BLUE chip stocks continued their descent into the red yesterday as the recent swirl of rumours drew accusations of market abuse in the City.

Britain’s biggest lender, Halifax Bank of Scotland (HBOS) – which dropped as much as 20% at one stage yesterday – made tentative gains as moves made by bosses to quash “malicious” rumours eased investor nerves.

But turbulence in financial markets shows no sign of abating and the FTSE 100 index was in negative territory after heavy falls on Wall Street late on Wednesday.

The FTSE 100 index at the close was down 50.4 at 5495.2.

The bosses of Britain’s major banks met Bank of England Governor Mervyn King yesterday as the credit crunch tightened further.

The meeting came after the Bank was forced to make an unprecedented move and deny City rumours that HBOS had turned to it for emergency funding.

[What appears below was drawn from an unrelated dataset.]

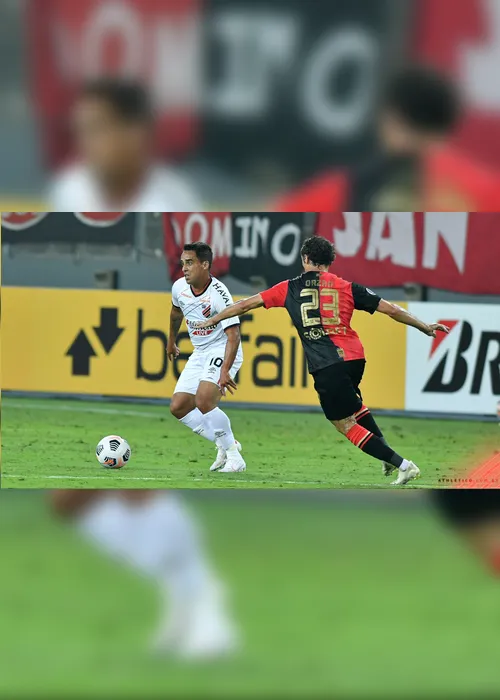Imagem ilustrativa da imagem Athletico-PR cai no Peru e perde os 100% de aproveitamento na Sul-Americana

In the end, the Bank of England issued a statement saying that the banking industry had agreed to remain vigilant and keep markets orderly

The Financial Services Authority (FSA) meanwhile launched an inquiry into possible market abuses, accusing traders of spreading false rumours and dealing off the back of them.

Traders are thought to have made millions of pounds by circulating false speculation surrounding some of the UK's biggest companies.

Sally Dewar, managing director for wholesale and institutional markets at the FSA, said: “We will not tolerate market participants taking advantage of the current market conditions to commit abuse by spreading false rumours and dealing on the back of them”.

Rival banks to HBOS were suffering losses as fears over the impact of the credit crunch failed to budge.

Barclays was down 1%, as was Alliance & Leicester.

Mining groups were also losing ground after commodity prices dropped over concerns about the US economy.

Markets have been rocked by volatility over the past week, with the cut-price rescue of US investment bank Bear Stearns sending the FTSE 100 plummeting by 3.9% on Monday.

Claire Collingwood, trader at CMC Markets, said: “There’s still a lot of uncertainty as to where fair value now lies for equities and, with volumes thinning out ahead of the long weekend break, this resulting volatility is likely to be sustained at least in the short term.”